***** DATASET RECORDS
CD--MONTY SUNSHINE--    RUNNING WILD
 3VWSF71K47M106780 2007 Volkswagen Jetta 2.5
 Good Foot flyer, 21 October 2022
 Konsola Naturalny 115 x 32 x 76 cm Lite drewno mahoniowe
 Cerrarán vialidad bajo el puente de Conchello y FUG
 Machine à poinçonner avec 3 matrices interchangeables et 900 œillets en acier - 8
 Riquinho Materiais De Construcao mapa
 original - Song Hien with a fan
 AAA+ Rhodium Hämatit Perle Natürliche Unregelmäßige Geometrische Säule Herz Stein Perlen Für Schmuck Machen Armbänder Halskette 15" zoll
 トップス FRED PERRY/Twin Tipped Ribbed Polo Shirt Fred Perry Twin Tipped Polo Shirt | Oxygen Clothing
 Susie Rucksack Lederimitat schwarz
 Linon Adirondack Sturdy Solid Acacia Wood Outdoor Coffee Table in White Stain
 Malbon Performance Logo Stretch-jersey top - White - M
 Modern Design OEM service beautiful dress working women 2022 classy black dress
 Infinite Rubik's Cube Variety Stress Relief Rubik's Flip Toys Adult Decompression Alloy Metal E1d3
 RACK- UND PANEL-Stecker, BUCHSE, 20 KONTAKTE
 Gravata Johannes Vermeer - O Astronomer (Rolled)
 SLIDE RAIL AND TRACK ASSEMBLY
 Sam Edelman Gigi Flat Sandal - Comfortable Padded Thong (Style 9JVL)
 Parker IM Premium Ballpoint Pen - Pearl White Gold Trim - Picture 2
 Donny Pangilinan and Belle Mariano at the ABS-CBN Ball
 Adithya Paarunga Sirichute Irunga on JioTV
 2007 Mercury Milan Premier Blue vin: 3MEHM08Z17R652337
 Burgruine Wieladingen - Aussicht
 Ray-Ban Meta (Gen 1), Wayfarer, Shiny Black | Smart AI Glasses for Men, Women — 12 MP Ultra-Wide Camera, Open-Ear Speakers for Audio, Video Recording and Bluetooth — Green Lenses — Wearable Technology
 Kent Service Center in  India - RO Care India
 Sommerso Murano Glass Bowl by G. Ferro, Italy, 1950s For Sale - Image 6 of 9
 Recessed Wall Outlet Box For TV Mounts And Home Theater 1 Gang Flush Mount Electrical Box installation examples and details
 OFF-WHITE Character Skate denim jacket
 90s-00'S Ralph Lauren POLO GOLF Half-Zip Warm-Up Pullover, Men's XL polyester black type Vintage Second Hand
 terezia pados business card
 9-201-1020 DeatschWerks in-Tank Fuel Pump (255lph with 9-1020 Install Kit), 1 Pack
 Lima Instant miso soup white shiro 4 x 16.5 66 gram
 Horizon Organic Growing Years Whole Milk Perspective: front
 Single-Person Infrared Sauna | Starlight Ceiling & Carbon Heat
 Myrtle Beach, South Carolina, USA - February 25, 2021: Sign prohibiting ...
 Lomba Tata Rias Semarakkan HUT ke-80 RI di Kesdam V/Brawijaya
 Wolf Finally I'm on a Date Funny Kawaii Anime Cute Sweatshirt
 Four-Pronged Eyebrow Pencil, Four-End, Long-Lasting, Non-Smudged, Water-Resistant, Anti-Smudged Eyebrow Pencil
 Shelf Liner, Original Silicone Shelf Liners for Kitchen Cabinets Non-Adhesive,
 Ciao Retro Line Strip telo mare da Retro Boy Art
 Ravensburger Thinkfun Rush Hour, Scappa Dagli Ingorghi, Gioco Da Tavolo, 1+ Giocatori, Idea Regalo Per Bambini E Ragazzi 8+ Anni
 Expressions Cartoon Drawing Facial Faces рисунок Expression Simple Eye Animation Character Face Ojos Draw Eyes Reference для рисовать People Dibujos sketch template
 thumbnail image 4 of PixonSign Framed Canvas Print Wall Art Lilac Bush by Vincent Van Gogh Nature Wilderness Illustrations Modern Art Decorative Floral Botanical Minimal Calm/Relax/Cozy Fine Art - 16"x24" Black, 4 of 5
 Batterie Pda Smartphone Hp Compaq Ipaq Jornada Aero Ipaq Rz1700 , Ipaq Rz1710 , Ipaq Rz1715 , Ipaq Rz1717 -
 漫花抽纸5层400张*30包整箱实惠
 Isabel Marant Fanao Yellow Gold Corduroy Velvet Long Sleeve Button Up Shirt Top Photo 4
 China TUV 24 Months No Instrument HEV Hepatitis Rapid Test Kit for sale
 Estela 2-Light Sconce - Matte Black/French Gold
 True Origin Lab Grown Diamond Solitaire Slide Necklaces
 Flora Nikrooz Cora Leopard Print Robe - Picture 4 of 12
**********
#### TASK
Only the lines above from the line containing "Lima Instant miso" through the line containing "Ravensburger Thinkfun Rush" should be retyped, exactly and with both ends included.

#### OUTPUT
 Lima Instant miso soup white shiro 4 x 16.5 66 gram
 Horizon Organic Growing Years Whole Milk Perspective: front
 Single-Person Infrared Sauna | Starlight Ceiling & Carbon Heat
 Myrtle Beach, South Carolina, USA - February 25, 2021: Sign prohibiting ...
 Lomba Tata Rias Semarakkan HUT ke-80 RI di Kesdam V/Brawijaya
 Wolf Finally I'm on a Date Funny Kawaii Anime Cute Sweatshirt
 Four-Pronged Eyebrow Pencil, Four-End, Long-Lasting, Non-Smudged, Water-Resistant, Anti-Smudged Eyebrow Pencil
 Shelf Liner, Original Silicone Shelf Liners for Kitchen Cabinets Non-Adhesive,
 Ciao Retro Line Strip telo mare da Retro Boy Art
 Ravensburger Thinkfun Rush Hour, Scappa Dagli Ingorghi, Gioco Da Tavolo, 1+ Giocatori, Idea Regalo Per Bambini E Ragazzi 8+ Anni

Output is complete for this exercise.